Task 5: Full DQN Training Loop on CartPole-v1

In [None]:
import gym
import torch
import torch.nn as nn
import torch.optim as optim
import numpy as np
import random
import matplotlib.pyplot as plt

# Environment setup
env = gym.make("CartPole-v1")
state_dim = env.observation_space.shape[0]
action_dim = env.action_space.n

# Initialising networks
policy_net = DQN(state_dim, action_dim)
target_net = DQN(state_dim, action_dim)
target_net.load_state_dict(policy_net.state_dict())
target_net.eval()

# Optimizer and loss
optimizer = optim.Adam(policy_net.parameters(), lr=1e-3)
loss_fn = nn.MSELoss()

# Hyperparameters
num_episodes = 500
gamma = 0.99
epsilon = 1.0
epsilon_min = 0.01
epsilon_decay = 1 / 500
target_update_freq = 10

# Target network update function
def update_target(policy_net, target_net):
    target_net.load_state_dict(policy_net.state_dict())

# ε-greedy action selection
def select_action(state, epsilon):
    if random.random() < epsilon:
        return random.randint(0, action_dim - 1)
    with torch.no_grad():
        state_tensor = torch.FloatTensor(state).unsqueeze(0)
        q_values = policy_net(state_tensor)
        return torch.argmax(q_values).item()

In [None]:
# Training loop
rewards = []

for episode in range(num_episodes):
    state = env.reset()
    done = False
    total_reward = 0

    while not done:
        action = select_action(state, epsilon)
        next_state, reward, done, _ = env.step(action)
        total_reward += reward

        with torch.no_grad():
            next_state_tensor = torch.FloatTensor(next_state).unsqueeze(0)
            max_next_q = target_net(next_state_tensor).max(1)[0].item()
            target = reward + (0 if done else gamma * max_next_q)

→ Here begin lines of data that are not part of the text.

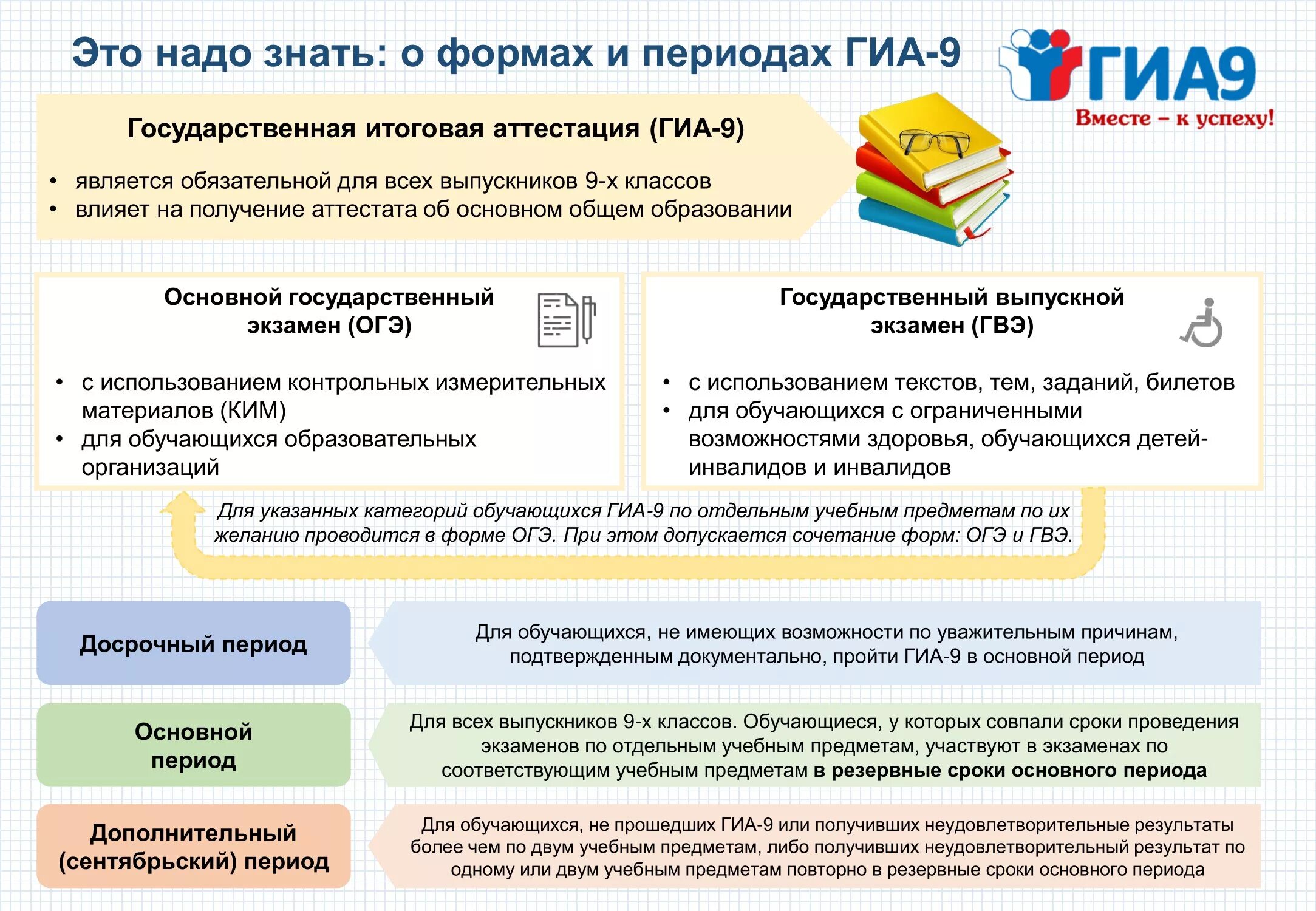 Обязательные экзамены гиа. Памятка ГИА. Памятка для подготовки к ОГЭ. Информационные плакаты ОГЭ. Готовимся к ГИА.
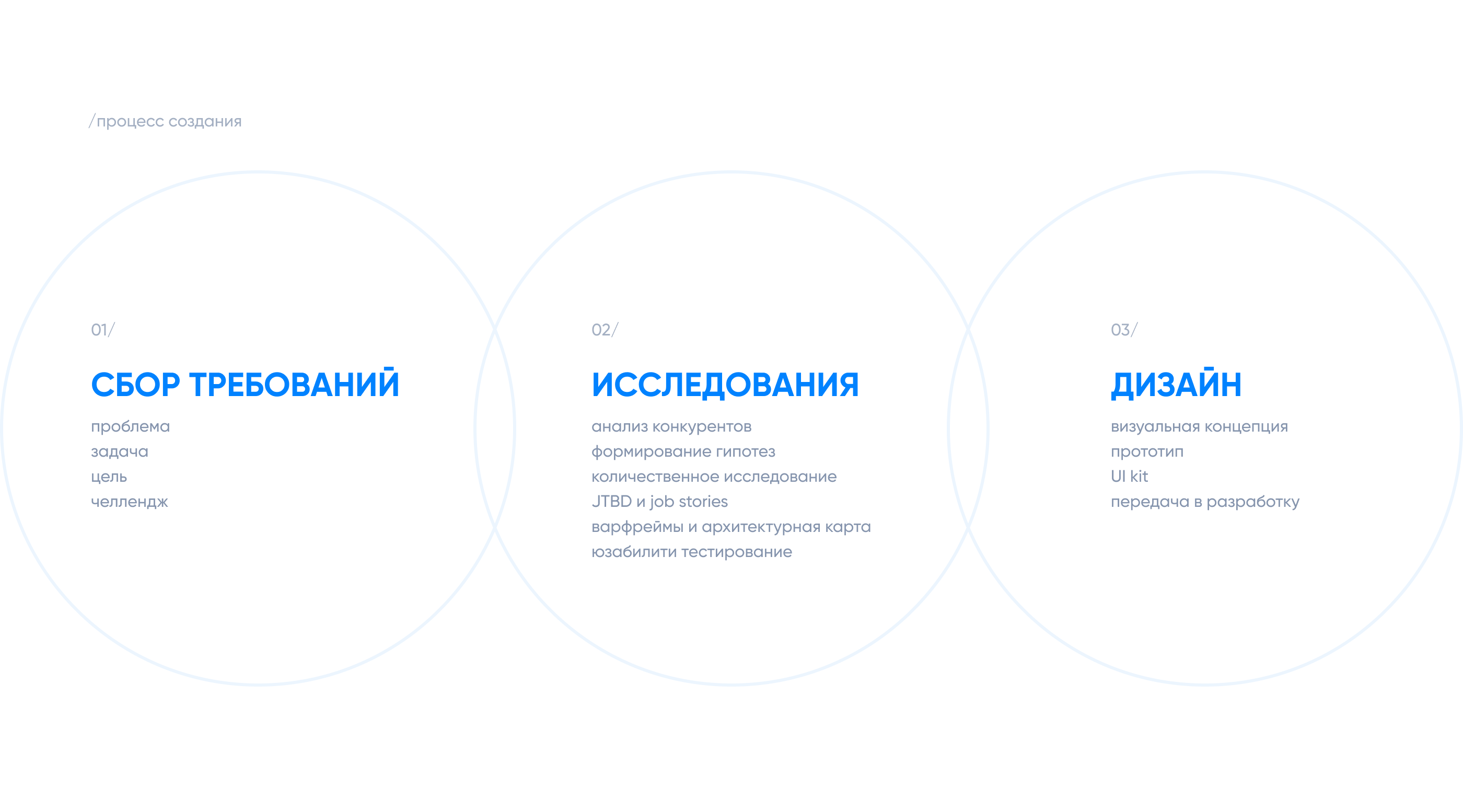 Pet care — Изображение №3 — Интерфейсы на Dprofile
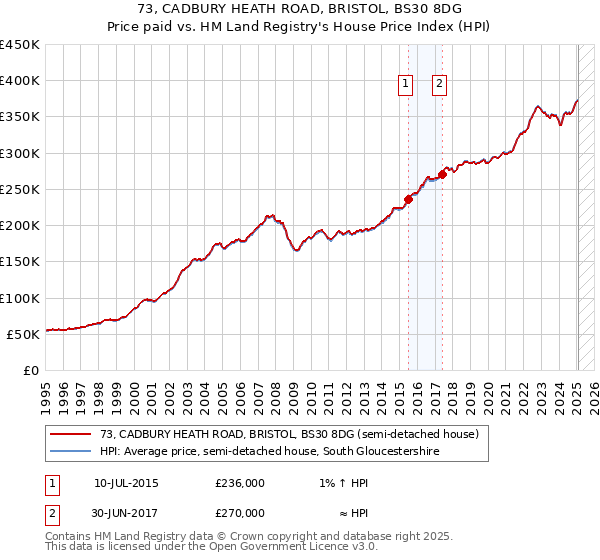 73, CADBURY HEATH ROAD, BRISTOL, BS30 8DG: Price paid vs HM Land Registry's House Price Index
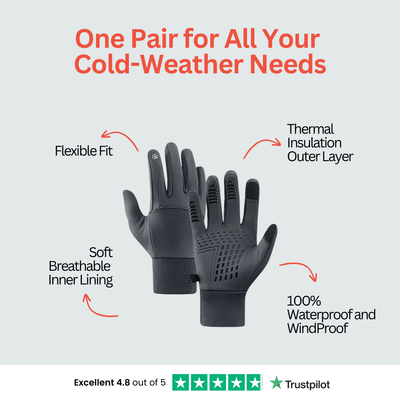 Thermal Gloves Pro | Unisex - Aether Angels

        state_tensor = torch.FloatTensor(state).unsqueeze(0)
        q_values = policy_net(state_tensor)
        q_value = q_values[0, action]

        loss = loss_fn(q_value, torch.tensor(target))
        optimizer.zero_grad()
        loss.backward()
        optimizer.step()

        state = next_state
        epsilon = max(epsilon_min, epsilon - epsilon_decay)

    rewards.append(total_reward)

    if (episode + 1) % target_update_freq == 0:
        update_target(policy_net, target_net)

    if (episode + 1) % 10 == 0:
        avg = np.mean(rewards[-10:])
        print(f"Episode {episode+1}, Avg Reward: {avg:.2f}, Epsilon: {epsilon:.3f}")

I will be really honest while giving explanation to the solution to the fifth question.
In the week 1 resourses the DQN was implemented using tensorflow and keras and use of Pytorch to implment DQN was not there so, while doing this task I had taken help from youtube videos and chatgpt . Like I just asked gpt to give me a basic structure of code to implement DQN using Pytorch and I asked for the whole explanation of the code. and from that help I had written the code .
In the rest all tasks and I had submitted my own written code.